▶ Exercise requirements
Take the records below and set down exactly the lines from the one with "this 300×225 image." to the one with "this 350×262 image.", ends included; do not copy the pictures.

▶ Data extracts
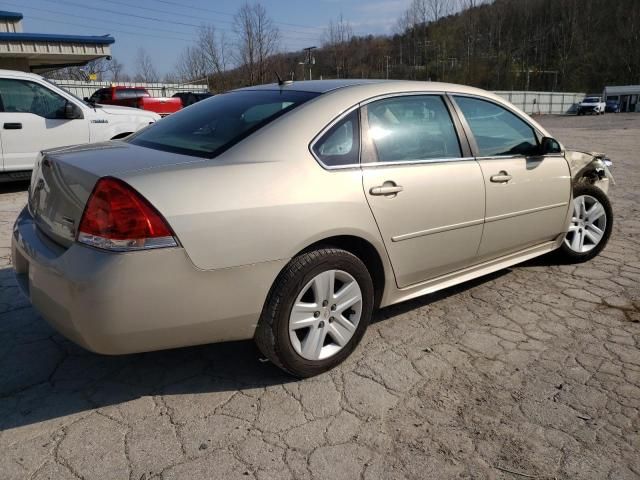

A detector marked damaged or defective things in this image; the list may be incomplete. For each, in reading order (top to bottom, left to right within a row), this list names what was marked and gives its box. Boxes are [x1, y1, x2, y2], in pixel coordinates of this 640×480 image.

...

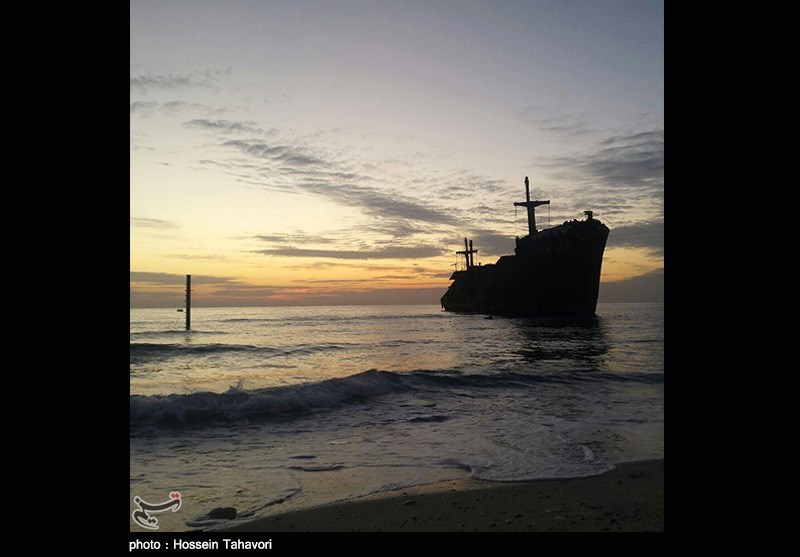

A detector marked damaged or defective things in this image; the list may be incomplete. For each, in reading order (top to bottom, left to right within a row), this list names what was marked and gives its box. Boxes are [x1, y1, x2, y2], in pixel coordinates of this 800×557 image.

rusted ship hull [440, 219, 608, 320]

--

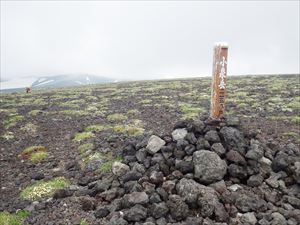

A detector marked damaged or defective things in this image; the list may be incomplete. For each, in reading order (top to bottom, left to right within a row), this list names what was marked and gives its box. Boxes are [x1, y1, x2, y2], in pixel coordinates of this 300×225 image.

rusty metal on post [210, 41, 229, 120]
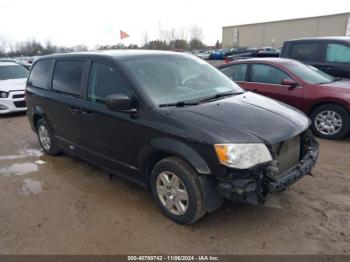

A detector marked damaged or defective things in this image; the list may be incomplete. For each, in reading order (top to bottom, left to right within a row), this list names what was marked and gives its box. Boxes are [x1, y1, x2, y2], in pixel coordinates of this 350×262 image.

▶ Exercise solution
A detector marked damaged or defective things in this image; the list may be incomplete. For each, in reading order (top to bottom, left to right within a row), this list names what was marked and gives its box. Boxes are [x1, y1, x2, y2], in pixel coordinates of this 300×225 image.

rusty metal on post [210, 41, 229, 120]

A detector marked damaged or defective things in this image; the list may be incomplete. For each, in reading order (top to bottom, left to right within a row), this list names what was marked and gives its box. Boxes are [x1, y1, x2, y2], in pixel coordinates of this 350×262 image.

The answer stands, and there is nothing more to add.